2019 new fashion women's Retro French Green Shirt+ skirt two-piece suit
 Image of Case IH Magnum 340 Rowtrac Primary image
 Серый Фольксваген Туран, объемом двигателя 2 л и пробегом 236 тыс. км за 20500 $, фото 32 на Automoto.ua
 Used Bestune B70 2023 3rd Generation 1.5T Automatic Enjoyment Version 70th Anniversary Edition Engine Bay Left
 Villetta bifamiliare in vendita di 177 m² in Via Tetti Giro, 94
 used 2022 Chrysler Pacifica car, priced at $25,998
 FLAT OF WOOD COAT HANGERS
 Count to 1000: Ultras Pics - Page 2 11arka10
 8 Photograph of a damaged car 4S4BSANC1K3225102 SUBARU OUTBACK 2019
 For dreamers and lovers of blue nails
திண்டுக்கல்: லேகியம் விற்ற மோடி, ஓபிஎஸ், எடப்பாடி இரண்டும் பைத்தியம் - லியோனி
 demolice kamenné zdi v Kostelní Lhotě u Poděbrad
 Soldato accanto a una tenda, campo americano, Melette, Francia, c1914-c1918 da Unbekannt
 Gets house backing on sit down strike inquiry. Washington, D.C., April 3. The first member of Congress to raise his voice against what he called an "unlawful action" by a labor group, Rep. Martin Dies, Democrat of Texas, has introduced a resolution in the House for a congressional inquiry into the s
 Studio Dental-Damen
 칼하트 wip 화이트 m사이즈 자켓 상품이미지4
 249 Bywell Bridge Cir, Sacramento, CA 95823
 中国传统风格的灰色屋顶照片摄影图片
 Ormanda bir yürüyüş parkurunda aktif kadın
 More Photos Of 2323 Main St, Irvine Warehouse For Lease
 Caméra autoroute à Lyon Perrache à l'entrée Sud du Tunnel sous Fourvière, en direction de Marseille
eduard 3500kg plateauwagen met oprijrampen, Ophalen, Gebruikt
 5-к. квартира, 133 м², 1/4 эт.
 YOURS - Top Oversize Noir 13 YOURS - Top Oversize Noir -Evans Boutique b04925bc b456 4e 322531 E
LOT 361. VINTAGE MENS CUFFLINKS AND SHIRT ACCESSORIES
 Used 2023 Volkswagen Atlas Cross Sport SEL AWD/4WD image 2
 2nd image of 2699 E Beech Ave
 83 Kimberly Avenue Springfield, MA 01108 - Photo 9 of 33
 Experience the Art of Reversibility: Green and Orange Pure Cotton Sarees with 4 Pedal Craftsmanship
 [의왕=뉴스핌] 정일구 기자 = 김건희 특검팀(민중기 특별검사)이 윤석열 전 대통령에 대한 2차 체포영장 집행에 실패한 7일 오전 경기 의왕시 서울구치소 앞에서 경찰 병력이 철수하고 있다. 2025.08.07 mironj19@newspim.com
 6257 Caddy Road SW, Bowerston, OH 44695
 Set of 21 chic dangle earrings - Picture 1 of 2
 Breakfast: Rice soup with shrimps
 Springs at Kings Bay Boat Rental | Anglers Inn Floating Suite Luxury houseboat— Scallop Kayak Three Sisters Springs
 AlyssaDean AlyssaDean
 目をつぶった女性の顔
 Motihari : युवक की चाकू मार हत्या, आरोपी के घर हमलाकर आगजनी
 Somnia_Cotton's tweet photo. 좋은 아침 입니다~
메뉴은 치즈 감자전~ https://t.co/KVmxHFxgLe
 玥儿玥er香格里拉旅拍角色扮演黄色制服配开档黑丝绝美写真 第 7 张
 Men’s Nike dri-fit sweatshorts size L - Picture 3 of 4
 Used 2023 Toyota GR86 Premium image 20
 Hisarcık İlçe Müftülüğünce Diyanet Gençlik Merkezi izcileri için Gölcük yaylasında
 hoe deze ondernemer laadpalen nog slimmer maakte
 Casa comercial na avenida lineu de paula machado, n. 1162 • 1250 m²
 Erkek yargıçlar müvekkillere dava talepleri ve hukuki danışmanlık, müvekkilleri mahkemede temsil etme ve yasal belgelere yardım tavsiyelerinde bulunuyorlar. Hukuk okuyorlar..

- **WORK ORDER**: Go through the data and copy each line exactly as it was written.

- **SOLUTION TO THE EXERCISE**:
2019 new fashion women's Retro French Green Shirt+ skirt two-piece suit
 Image of Case IH Magnum 340 Rowtrac Primary image
 Серый Фольксваген Туран, объемом двигателя 2 л и пробегом 236 тыс. км за 20500 $, фото 32 на Automoto.ua
 Used Bestune B70 2023 3rd Generation 1.5T Automatic Enjoyment Version 70th Anniversary Edition Engine Bay Left
 Villetta bifamiliare in vendita di 177 m² in Via Tetti Giro, 94
 used 2022 Chrysler Pacifica car, priced at $25,998
 FLAT OF WOOD COAT HANGERS
 Count to 1000: Ultras Pics - Page 2 11arka10
 8 Photograph of a damaged car 4S4BSANC1K3225102 SUBARU OUTBACK 2019
 For dreamers and lovers of blue nails
திண்டுக்கல்: லேகியம் விற்ற மோடி, ஓபிஎஸ், எடப்பாடி இரண்டும் பைத்தியம் - லியோனி
 demolice kamenné zdi v Kostelní Lhotě u Poděbrad
 Soldato accanto a una tenda, campo americano, Melette, Francia, c1914-c1918 da Unbekannt
 Gets house backing on sit down strike inquiry. Washington, D.C., April 3. The first member of Congress to raise his voice against what he called an "unlawful action" by a labor group, Rep. Martin Dies, Democrat of Texas, has introduced a resolution in the House for a congressional inquiry into the s
 Studio Dental-Damen
 칼하트 wip 화이트 m사이즈 자켓 상품이미지4
 249 Bywell Bridge Cir, Sacramento, CA 95823
 中国传统风格的灰色屋顶照片摄影图片
 Ormanda bir yürüyüş parkurunda aktif kadın
 More Photos Of 2323 Main St, Irvine Warehouse For Lease
 Caméra autoroute à Lyon Perrache à l'entrée Sud du Tunnel sous Fourvière, en direction de Marseille
eduard 3500kg plateauwagen met oprijrampen, Ophalen, Gebruikt
 5-к. квартира, 133 м², 1/4 эт.
 YOURS - Top Oversize Noir 13 YOURS - Top Oversize Noir -Evans Boutique b04925bc b456 4e 322531 E
LOT 361. VINTAGE MENS CUFFLINKS AND SHIRT ACCESSORIES
 Used 2023 Volkswagen Atlas Cross Sport SEL AWD/4WD image 2
 2nd image of 2699 E Beech Ave
 83 Kimberly Avenue Springfield, MA 01108 - Photo 9 of 33
 Experience the Art of Reversibility: Green and Orange Pure Cotton Sarees with 4 Pedal Craftsmanship
 [의왕=뉴스핌] 정일구 기자 = 김건희 특검팀(민중기 특별검사)이 윤석열 전 대통령에 대한 2차 체포영장 집행에 실패한 7일 오전 경기 의왕시 서울구치소 앞에서 경찰 병력이 철수하고 있다. 2025.08.07 mironj19@newspim.com
 6257 Caddy Road SW, Bowerston, OH 44695
 Set of 21 chic dangle earrings - Picture 1 of 2
 Breakfast: Rice soup with shrimps
 Springs at Kings Bay Boat Rental | Anglers Inn Floating Suite Luxury houseboat— Scallop Kayak Three Sisters Springs
 AlyssaDean AlyssaDean
 目をつぶった女性の顔
 Motihari : युवक की चाकू मार हत्या, आरोपी के घर हमलाकर आगजनी
 Somnia_Cotton's tweet photo. 좋은 아침 입니다~
메뉴은 치즈 감자전~ https://t.co/KVmxHFxgLe
 玥儿玥er香格里拉旅拍角色扮演黄色制服配开档黑丝绝美写真 第 7 张
 Men’s Nike dri-fit sweatshorts size L - Picture 3 of 4
 Used 2023 Toyota GR86 Premium image 20
 Hisarcık İlçe Müftülüğünce Diyanet Gençlik Merkezi izcileri için Gölcük yaylasında
 hoe deze ondernemer laadpalen nog slimmer maakte
 Casa comercial na avenida lineu de paula machado, n. 1162 • 1250 m²
 Erkek yargıçlar müvekkillere dava talepleri ve hukuki danışmanlık, müvekkilleri mahkemede temsil etme ve yasal belgelere yardım tavsiyelerinde bulunuyorlar. Hukuk okuyorlar..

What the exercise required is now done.